Les propositions de contributions (1000 signes, espaces compris), assorties d’une brève notice bio-bibliographique, sont à adresser conjointement à Hélène ROTH (Helene.Roth@univ-bpclermont.fr) et Landry CHARRIER (landry.charrier@univ-bpclermont.fr), jusqu’au 30 octobre 2016. Après notification d’acceptation, les articles (30 000 signes, espaces compris) devront être livrés au plus tard le 30 mars 2017.

Les langues de travail sont le français, l’anglais et l’allemand.

L’ouvrage sera publié aux Presses universitaires de Reims fin 2017-début 2018.

 

Hélène Roth est maître de conférences en géographie à l’université Blaise Pascal de Clermont-Ferrand. Elle est rattachée au Centre d’études et de recherches appliquées au Massif central, aux moyennes montagnes et aux espaces fragiles (CERAMAC, EA 997).

 

Landry Charrier est maître de conférences habilité en civilisation des pays germaniques à l’université Blaise Pascal de Clermont-Ferrand. Il est rattaché au Centre d’Histoire « Espaces et cultures » (CHEC, EA 1001).

 

 

 

 

[1] Journée d’études Stunde Null, heure zéro. Entre mythes et réalité, Maison des Sciences de l’Homme de Clermont-Ferrand, 2 octobre 2015.

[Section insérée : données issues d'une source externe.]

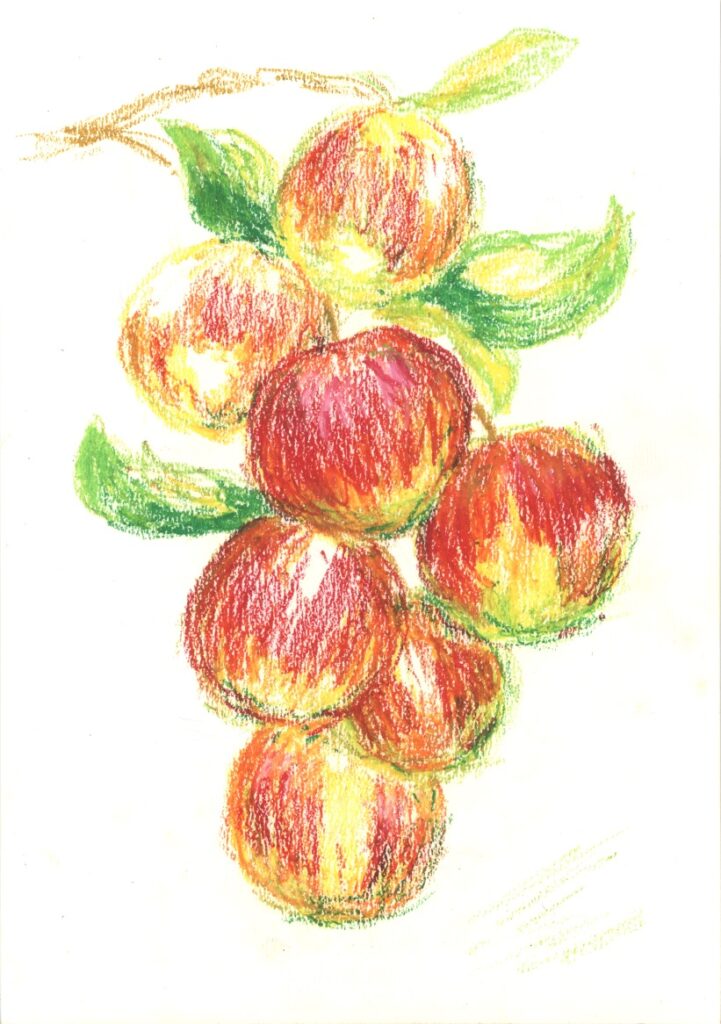 作品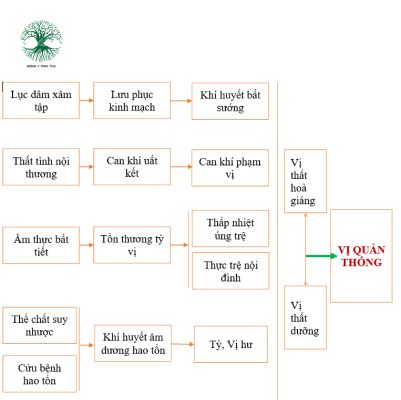Các nguyên nhân dẫn đến đau dạ dày theo Đông Y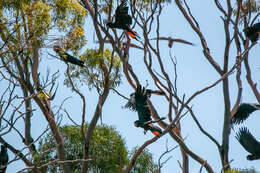 Image of Calyptorhynchus banksii escondidus Ewart, Joseph & Schodde 2020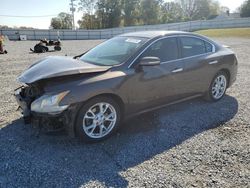 Nissan Maxima salvage cars for sale: 2013 Nissan Maxima S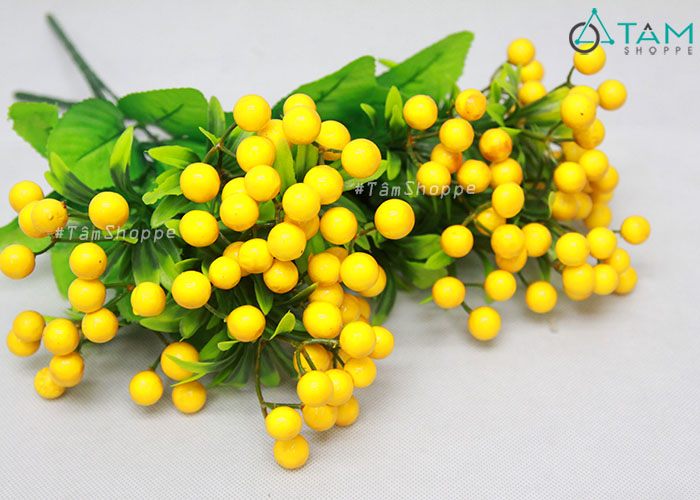 canh-hoa-gia-trai-cherry-vang canh-hoa-gia-trai-cherry-vang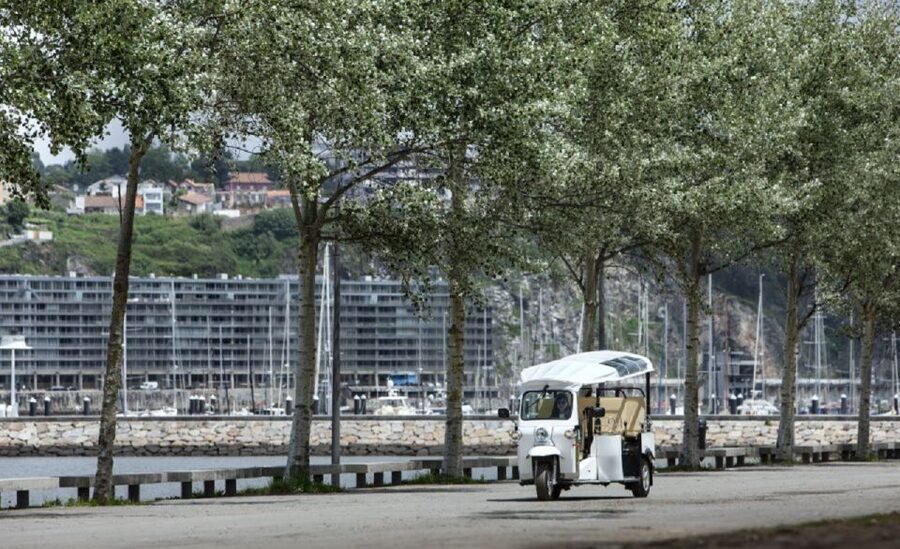 Porto: Private Sightseeing Tour by Electric Tuk Tuk - The bridge, Gaia, and river panoramas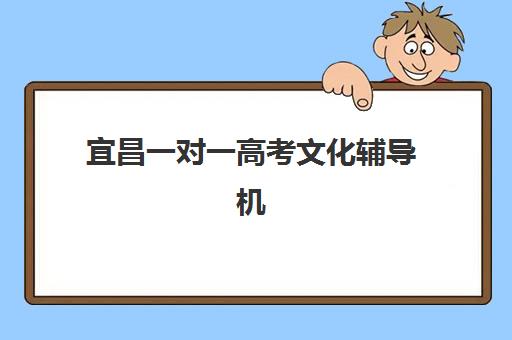 宜昌一对一高考文化辅导机构如何选择？2025年权威排名、性价比分析与择校全攻略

[2] Journée d’études Innovation-Revolution : discours sur la nouveauté littéraire et artistique dans les pays germaniques, Maison des Sciences de l’Homme de Clermont-Ferrand, 16 juin 2016.

[3] Sur le sujet, nous nous permettrons de renvoyer à l’étude toujours très utile de Julien Freund : La décadence. Histoire sociologique et philosophique d’une catégorie de l’expérience humaine, Paris : Sirey, 1984.